Estos hechos, entiéndase, no configuran a uno y a otro como mentirosos o sinceros. Incluso porque cuando nos hemos acostumbrado a los Zaplanas, Acebes y Blancos, que siempre tienen una certidumbre en el ojal de la chaqueta, Rajoy y Zapatero nos parecen dispuestos a ser humanos, arriesgándose a defender sus verdades. Para mí, eso sí, las de Zapatero son más consistentes porque arraigan en el mundo que he conocido en estos cuatro años, el mundo que percibo como real y no ese paisaje cuaresmal con el que el PP ha tratado de amargarnos la vida y la democracia.

Admitidas estas cosas, el presente se adueña de todo. A Rajoy le sienta como un golpe bajo cualquier alusión al pasado hasta que él mismo se empeña en mirar hacia atrás con una cierta ira, para seguir buscando fundamentos a sus anatemas. Zapatero se recrea en contarnos su gestión, para lo que ha de zafarse de abrazos conservadores y pasear por los años idos. La fórmula para escapar de esta angustiosa percepción del tiempo, como digo, es estirar el pasado hasta hacerlo presente. Un presente constante e interesado. Lo malo es que cuando había que hablar del futuro las voces se apagaban. Sobre el futuro, que es indeterminación especular, no hay posibilidad de bronca espectacular.
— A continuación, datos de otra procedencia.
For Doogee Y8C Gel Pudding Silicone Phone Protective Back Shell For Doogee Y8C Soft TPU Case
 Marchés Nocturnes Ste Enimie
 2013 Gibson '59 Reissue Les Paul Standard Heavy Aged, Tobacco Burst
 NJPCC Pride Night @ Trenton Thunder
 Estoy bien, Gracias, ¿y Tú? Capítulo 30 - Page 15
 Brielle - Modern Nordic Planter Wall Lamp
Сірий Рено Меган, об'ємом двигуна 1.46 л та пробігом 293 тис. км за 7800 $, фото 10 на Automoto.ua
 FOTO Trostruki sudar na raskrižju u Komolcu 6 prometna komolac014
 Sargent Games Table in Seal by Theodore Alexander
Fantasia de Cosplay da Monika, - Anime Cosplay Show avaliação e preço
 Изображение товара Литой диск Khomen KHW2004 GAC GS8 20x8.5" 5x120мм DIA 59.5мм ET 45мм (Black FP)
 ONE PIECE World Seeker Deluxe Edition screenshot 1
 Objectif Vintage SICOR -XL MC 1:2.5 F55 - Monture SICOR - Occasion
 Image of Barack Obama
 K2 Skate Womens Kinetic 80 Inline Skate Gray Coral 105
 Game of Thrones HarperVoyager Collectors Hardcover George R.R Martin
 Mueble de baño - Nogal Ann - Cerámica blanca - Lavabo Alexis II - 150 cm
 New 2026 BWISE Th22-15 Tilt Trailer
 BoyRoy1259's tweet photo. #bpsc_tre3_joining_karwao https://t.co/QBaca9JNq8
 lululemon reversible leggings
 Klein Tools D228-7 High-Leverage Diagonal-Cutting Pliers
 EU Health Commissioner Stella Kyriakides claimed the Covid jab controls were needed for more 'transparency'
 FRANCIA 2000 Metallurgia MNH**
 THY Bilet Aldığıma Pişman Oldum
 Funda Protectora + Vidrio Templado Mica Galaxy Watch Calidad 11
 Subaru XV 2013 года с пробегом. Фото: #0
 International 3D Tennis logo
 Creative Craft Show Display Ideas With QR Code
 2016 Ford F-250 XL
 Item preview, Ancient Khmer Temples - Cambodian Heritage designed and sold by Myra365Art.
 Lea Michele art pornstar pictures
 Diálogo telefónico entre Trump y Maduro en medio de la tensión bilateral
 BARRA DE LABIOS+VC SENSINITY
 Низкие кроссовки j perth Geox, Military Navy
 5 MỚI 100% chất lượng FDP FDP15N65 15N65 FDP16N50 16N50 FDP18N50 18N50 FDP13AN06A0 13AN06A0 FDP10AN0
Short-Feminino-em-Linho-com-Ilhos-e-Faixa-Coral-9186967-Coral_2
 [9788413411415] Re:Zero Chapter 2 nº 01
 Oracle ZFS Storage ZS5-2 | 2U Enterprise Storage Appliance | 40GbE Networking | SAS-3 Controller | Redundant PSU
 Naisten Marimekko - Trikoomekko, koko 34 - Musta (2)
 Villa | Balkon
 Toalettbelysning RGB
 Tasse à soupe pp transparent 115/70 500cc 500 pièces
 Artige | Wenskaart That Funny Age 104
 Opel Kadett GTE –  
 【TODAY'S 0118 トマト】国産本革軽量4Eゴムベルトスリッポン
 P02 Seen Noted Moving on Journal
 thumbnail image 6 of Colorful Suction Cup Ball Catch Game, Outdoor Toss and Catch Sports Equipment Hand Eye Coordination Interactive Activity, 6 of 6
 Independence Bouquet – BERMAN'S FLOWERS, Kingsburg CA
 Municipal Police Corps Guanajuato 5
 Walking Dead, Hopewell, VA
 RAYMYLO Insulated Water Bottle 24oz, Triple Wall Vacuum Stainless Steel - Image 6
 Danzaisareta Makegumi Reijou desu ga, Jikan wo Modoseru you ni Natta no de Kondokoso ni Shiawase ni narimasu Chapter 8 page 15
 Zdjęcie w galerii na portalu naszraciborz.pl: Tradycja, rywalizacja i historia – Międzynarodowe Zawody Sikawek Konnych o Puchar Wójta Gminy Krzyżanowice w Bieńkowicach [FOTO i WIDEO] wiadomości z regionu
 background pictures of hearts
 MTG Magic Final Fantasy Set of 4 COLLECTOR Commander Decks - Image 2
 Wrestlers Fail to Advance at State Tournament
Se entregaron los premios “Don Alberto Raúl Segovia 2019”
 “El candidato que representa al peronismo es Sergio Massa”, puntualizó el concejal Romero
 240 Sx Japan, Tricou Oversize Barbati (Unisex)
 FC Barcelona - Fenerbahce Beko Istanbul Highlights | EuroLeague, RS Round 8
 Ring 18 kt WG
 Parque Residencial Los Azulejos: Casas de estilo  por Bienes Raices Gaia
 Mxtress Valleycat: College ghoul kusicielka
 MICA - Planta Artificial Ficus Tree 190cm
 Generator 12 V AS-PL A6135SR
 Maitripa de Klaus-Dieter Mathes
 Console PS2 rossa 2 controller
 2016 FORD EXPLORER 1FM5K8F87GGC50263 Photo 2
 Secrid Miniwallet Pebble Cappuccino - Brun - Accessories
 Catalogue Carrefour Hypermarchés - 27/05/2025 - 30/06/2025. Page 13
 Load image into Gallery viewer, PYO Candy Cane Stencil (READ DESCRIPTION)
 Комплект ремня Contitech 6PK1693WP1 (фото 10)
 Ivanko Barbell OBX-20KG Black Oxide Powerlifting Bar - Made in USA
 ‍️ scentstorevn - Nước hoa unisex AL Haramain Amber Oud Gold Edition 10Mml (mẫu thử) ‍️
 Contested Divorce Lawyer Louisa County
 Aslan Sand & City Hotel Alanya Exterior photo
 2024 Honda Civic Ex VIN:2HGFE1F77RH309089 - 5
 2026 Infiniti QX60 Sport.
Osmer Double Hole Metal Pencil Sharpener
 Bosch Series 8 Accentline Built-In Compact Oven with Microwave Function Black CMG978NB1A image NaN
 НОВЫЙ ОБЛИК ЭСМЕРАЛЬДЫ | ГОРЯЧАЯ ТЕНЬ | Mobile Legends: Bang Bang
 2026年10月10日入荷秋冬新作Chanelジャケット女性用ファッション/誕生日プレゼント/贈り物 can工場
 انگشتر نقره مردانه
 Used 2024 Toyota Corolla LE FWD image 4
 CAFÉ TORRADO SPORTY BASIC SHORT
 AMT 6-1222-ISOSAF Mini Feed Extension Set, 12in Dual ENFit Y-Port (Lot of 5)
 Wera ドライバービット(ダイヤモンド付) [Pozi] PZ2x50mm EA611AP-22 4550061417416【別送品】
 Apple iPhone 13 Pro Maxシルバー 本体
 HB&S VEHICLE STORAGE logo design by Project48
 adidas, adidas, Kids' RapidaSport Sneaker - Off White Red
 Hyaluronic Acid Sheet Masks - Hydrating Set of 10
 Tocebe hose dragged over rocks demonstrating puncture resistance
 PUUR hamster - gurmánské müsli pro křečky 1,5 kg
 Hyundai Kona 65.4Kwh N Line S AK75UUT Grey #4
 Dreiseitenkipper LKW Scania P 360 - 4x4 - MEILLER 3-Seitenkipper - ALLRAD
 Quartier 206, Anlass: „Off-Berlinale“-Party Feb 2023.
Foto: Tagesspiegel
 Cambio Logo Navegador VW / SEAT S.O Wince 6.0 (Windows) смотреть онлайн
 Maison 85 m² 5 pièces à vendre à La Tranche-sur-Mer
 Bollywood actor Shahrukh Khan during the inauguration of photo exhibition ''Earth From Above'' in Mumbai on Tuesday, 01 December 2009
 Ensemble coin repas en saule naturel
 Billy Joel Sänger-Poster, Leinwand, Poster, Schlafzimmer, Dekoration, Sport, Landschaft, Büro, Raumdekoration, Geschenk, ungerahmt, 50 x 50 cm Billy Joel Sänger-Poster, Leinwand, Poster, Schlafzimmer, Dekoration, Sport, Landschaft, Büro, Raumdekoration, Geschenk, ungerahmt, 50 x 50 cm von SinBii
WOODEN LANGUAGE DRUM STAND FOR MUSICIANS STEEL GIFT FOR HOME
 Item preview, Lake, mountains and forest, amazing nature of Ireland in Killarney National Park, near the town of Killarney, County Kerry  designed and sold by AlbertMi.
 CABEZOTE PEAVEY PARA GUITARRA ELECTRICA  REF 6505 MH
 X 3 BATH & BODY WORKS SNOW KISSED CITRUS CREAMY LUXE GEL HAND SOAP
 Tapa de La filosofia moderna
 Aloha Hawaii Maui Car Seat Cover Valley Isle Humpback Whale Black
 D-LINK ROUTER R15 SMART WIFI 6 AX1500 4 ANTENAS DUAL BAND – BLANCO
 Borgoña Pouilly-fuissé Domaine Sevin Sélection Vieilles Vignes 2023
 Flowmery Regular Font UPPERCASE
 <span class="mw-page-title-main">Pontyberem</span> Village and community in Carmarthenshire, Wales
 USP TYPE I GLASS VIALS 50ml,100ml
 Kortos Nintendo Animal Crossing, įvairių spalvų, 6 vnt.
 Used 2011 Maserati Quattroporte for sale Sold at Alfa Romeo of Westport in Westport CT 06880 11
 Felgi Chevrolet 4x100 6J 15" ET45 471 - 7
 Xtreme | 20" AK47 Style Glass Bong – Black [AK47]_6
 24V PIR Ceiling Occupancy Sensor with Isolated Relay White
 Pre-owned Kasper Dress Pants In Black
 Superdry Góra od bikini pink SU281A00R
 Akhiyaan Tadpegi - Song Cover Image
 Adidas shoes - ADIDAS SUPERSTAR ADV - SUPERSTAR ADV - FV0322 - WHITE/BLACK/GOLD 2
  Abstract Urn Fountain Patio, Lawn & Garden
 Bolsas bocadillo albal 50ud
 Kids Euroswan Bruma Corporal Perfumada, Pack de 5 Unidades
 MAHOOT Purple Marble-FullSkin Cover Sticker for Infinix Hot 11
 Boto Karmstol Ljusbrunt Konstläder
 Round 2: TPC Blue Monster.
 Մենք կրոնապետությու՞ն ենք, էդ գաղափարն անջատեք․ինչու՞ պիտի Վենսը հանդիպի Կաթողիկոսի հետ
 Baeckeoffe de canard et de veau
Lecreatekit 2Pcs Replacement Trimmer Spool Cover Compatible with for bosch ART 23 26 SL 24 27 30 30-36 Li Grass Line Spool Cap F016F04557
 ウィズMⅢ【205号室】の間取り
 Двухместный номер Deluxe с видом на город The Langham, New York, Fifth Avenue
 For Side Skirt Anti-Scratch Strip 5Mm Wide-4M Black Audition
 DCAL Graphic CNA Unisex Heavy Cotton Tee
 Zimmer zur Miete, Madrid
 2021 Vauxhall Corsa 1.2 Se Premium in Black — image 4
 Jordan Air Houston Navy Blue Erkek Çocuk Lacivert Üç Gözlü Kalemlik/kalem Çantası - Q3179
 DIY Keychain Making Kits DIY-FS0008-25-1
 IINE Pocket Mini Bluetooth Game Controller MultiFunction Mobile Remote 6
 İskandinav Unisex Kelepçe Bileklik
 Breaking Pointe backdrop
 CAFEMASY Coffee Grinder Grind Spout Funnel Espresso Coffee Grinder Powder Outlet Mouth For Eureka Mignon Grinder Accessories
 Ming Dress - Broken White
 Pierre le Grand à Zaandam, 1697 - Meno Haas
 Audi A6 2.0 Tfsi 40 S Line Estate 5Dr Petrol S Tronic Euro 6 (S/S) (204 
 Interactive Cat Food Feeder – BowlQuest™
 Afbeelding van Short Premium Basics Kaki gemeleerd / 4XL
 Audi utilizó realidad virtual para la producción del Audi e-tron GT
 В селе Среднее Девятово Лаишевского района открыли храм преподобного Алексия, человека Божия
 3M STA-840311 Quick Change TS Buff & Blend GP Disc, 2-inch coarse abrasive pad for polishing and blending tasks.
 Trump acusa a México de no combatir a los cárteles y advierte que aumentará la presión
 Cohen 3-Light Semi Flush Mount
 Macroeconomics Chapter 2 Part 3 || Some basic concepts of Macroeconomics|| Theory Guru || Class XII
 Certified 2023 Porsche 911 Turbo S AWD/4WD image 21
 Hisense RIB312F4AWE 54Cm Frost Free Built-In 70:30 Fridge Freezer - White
Y las ofertas de semanas anteriores no pueden sustentarse en público, bajo el escrutinio de cámaras muy próximas. Quizá haya otra explicación: es tal la fatiga de la legislatura concluida que la mera perspectiva de inaugurar un tiempo nuevo es suficiente promesa.

El debate, en fin, fue ameno y no defraudó a la caterva de analistas, profesionales o aficionados, que desde antes hacían cábalas sobre el color de la camisa o la pertinencia del decorado. La rigidez del formato fue un obstáculo menor para la intensidad requerida, salvo en el preludio y en la despedida, en los que el primerísimo plano convertía a los participantes en remedos de sí mismos, en imitadores de guiñoles sometidos a la tarea tristísima de imitar a telepredicadores sin vocación.

A mí me interesó especialmente observar los ojos de los candidatos y juzgar sus miradas. Las de Rajoy escapaban demasiadas veces del terreno de juego, se evadían buscando, con una cierta ansiedad, los cronómetros; y, al hacerlo, configuraba insensibles metáforas sobre algunas íntimas incomodidades, como si desconfiara de sus mismas palabras, como si las felicitaciones que esperaba de sus partidarios tuvieran, también, un no sé qué de impostado, de excesivo. Eran miradas que no estaban hechas para espejos. Las miradas de Zapatero, por el contrario, se dirigían siempre a su adversario o a la pantalla, no tenían la misma condición volátil ni resbalaban en la indecisión. Incluso vi en ellas algo nuevo: una fiereza tranquila, amortiguada por un cerrar suave de párpados que otorgaba al gesto la cualidad de estilete de terciopelo. Eso me gustó: esa mirada estaba donde estaba y donde debía estar y habría soportado en todo momento su reflejo en el espejo. Quizá fue por eso que ganó.